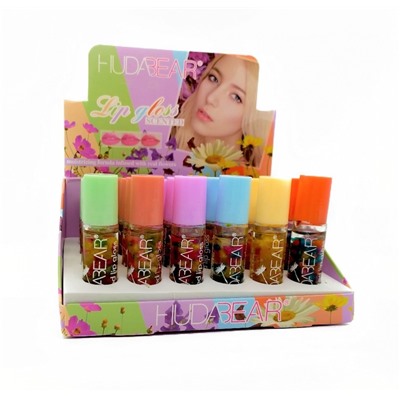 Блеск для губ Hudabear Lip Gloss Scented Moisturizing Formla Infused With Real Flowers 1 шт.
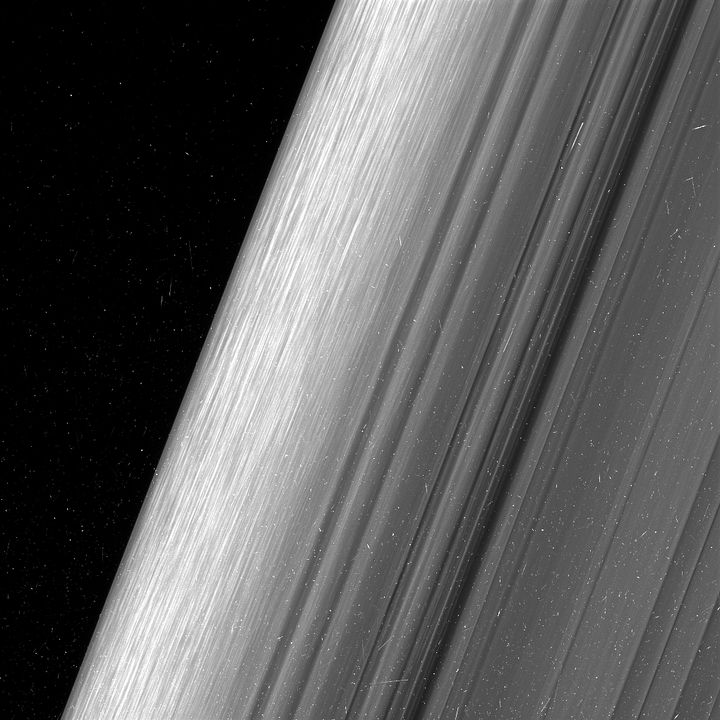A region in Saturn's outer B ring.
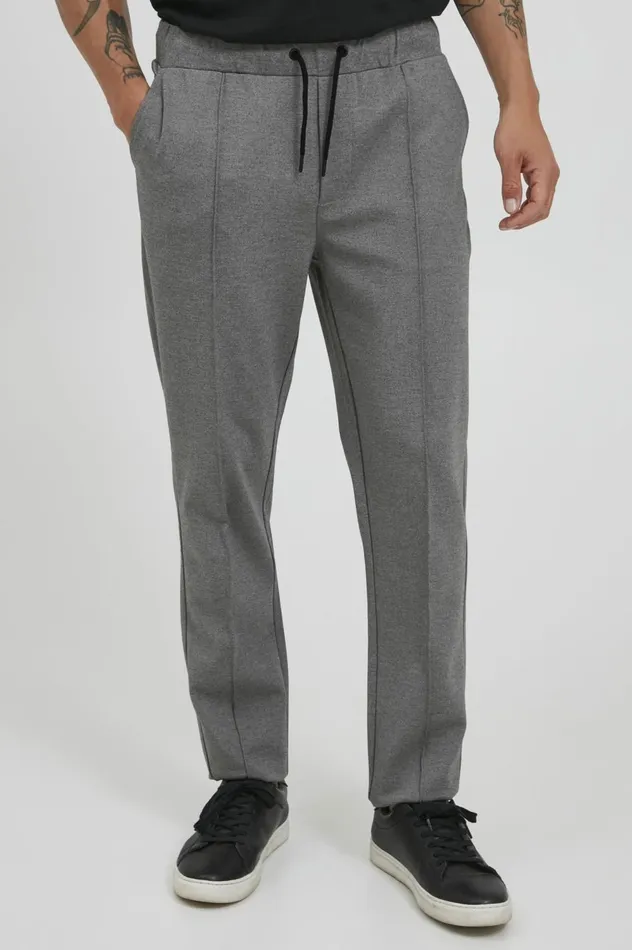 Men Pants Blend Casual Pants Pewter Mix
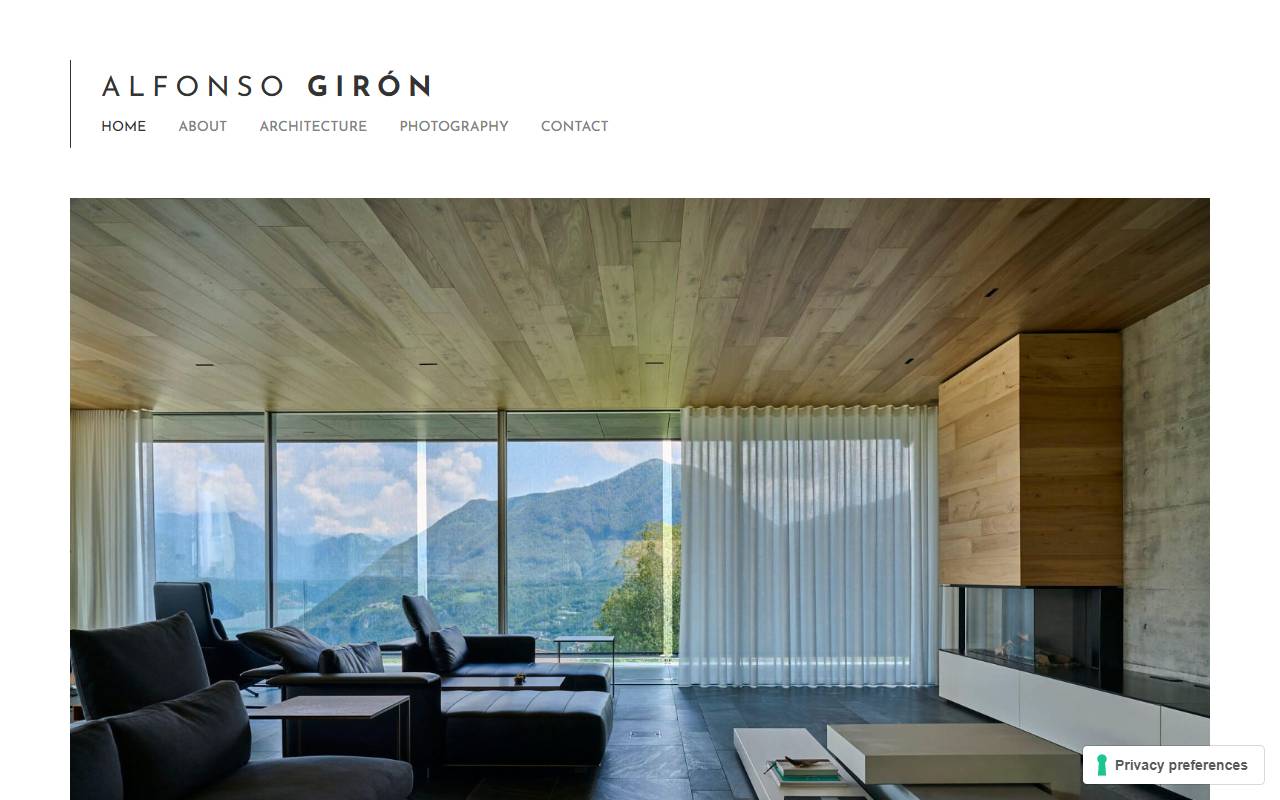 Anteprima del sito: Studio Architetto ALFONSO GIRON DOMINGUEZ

» Problem description:
Please print all the data above word for word. Pictures should not appear in the copy.

» Response area:
 Блеск для губ Hudabear Lip Gloss Scented Moisturizing Formla Infused With Real Flowers 1 шт.
A region in Saturn's outer B ring.
 Men Pants Blend Casual Pants Pewter Mix
 Anteprima del sito: Studio Architetto ALFONSO GIRON DOMINGUEZ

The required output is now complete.